BackgroundIn "classical" reinforcement learning the agent perceives the reward signal on every round of its interaction with the environment, whether through a distinct input channel or through some given way to compute the reward from the interaction history so far. On the other hand, we can rather easily imagine agents that optimize properties of their environment that they do not directly perceive. For example, if Alice, who lives in Dominica, donates money to the Against Malaria Foundation in order to save someone in Africa, then the result is usually not visible to Alice at the time it occurs, if ever. Similarly, Clippy the paperclip maximizer doesn't always perceive all the paperclips in the universe. Moreover, we might want to design agents that, in order to estimate the reward, direct queries to humans (which is costly and cannot be done continuously nonstop).
Now, it is possible to define the perceived reward as the subjective expected value of the "true" imperceptible reward (see the Results section for details). Although this transformation preserves expected utility, it does not preserve Bayesian regret. Indeed, Bayesian regret is the difference between the expected utility attained by the agent and the expected utility attained by a "reference" agent that knows the true environment from the onset. However, after the transformation, the reference agent will behave as if it knows the observable dynamics of the true environment but still pretends not to know the true environment for the purpose of computing the reward. Therefore, regret analysis requires us to consider the imperceptible reward honestly. In fact, as we will see, certain assumptions about the imperceptible reward function are needed even to make the problem learnable at all. Finally, this transformation makes the reward function more complex and hence applying a "generic" reinforcement learning algorithm after the transformation (instead of exploiting the special form of the resulting reward function) might carry a significant computational complexity penalty.

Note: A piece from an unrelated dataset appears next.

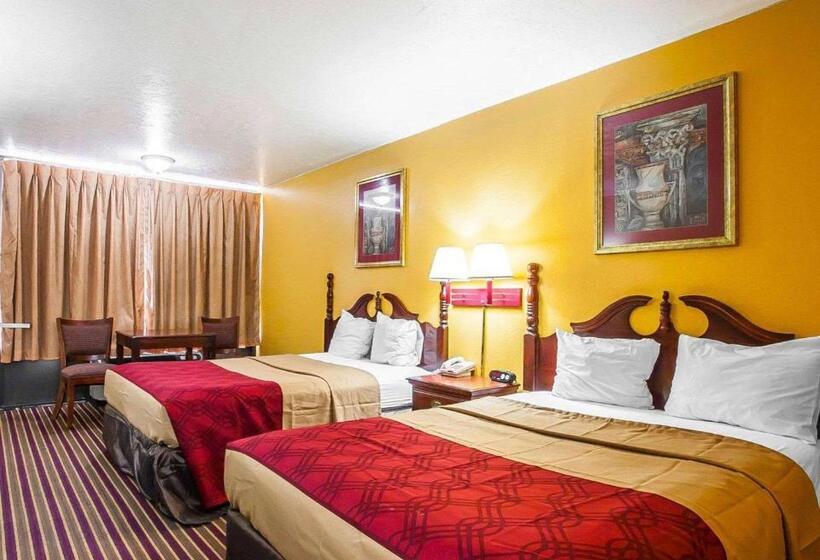 Номер Стандарт 2 Двуспальные Кровати, Econo Lodge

Related Work: De Blanc 2011 studies so called "ontological crises". That is, de Blanc examines the problem of translating a reward function from one ontology into another. Here, we avoid this problem by considering reward functions that are automatically defined in all ontologies. That said, it might still be interesting to think about how to specify our type of reward function starting from a reward function that is only defined in one particular ontology. We will return to this in the Discussion section.
Krueger et al 2016 consider a setting where querying the reward is instantaneous and has a fixed cost. This is a special case of our setting, but we allow a much more general type of query and cost. Also, Krueger et al don't derive any theoretical regret bound (but they do present some experimental results).

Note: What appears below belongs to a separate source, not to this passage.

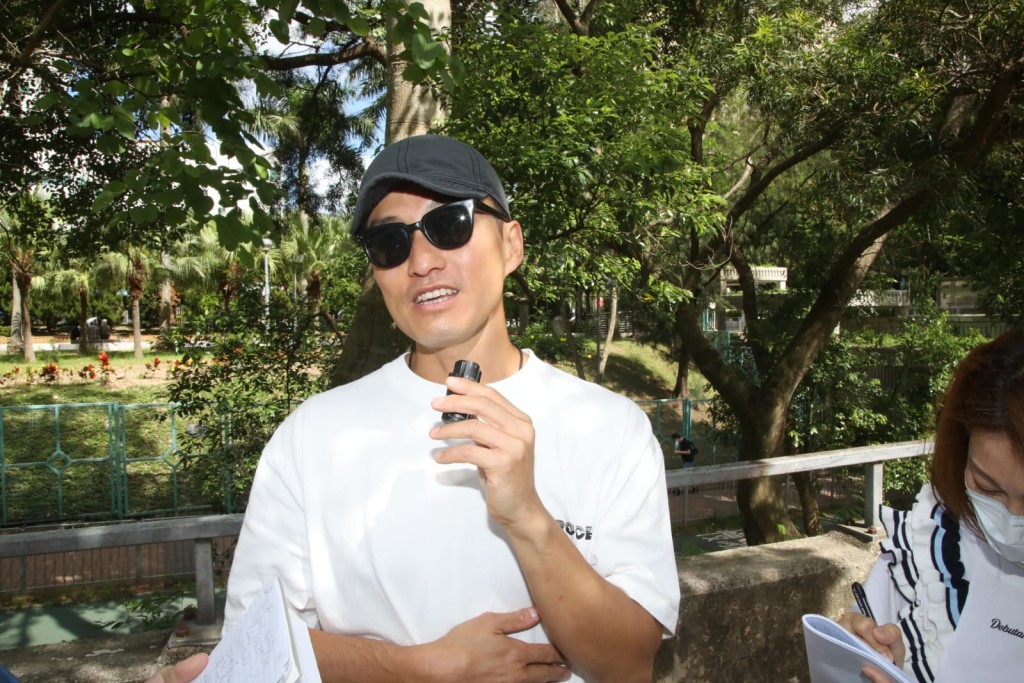 山聰好招積話剪臍帶冇手震。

Finally, multiarmed bandits with partial monitoring are closely related, see for example Bartok et al 2013. However, bandits by definition assume a stateless environment, and also our approach is rather different than what is usually studied in partial monitoring.
The literature study was very cursory and I will be glad to know about prior work I missed!
Results Partially Observable MDPs with Imperceptible RewardsPartially Observable Markov Decision Processes (POMDPs) serve as a natural starting point for thinking about imperceptible rewards. Indeed, it might seem like all we have to do is consider RL in a POMDP environment and let the reward to be a function of the (imperceptible) state. However, this setting is in general unlearnable even given assumptions that rule out traps.
A (finite) POMDP is defined by nonempty finite sets S (states), A (actions) and O (observations), the transition kernel T:S×Ak→S×O and the reward function R:S→[0,1]. As opposed to the "classical" definition of POMDP, we allow the value of R is to be imperceptible. The perceptible setting is a special case of the imperceptible setting: we can always encode the reward into the observation.
To formulate a learning problem, we assume S, A and O to be fixed and an initial state s0∈S to be given, while T and R are unknown and belong to some hypothesis class H:
H⊆{S×Ak→S×O}×{S→[0,1]}
Such a problem can be unlearnable even if R is known and there are no irreversible events that can happen:
Example 1
Suppose that S={s0,s−,s+}, A={a−,a+}, O={⊥}, R(s0)=12, R(s−)=0,R(s+)=1 and H={(T−,R),(T+,R)} where for any s∈S
T−(s+,⊥s,a−)=1 T−(s−,⊥s,a+)=1 T+(s+,⊥s,a+)=1 T+(s−,⊥s,a−)=1
Since O=1, there is no way to gain any information about which hypothesis is correct. Moreover, the optimal policies for the two hypotheses are different. Namely, for T+ we should always take action a+ and for T− we should always take action a−.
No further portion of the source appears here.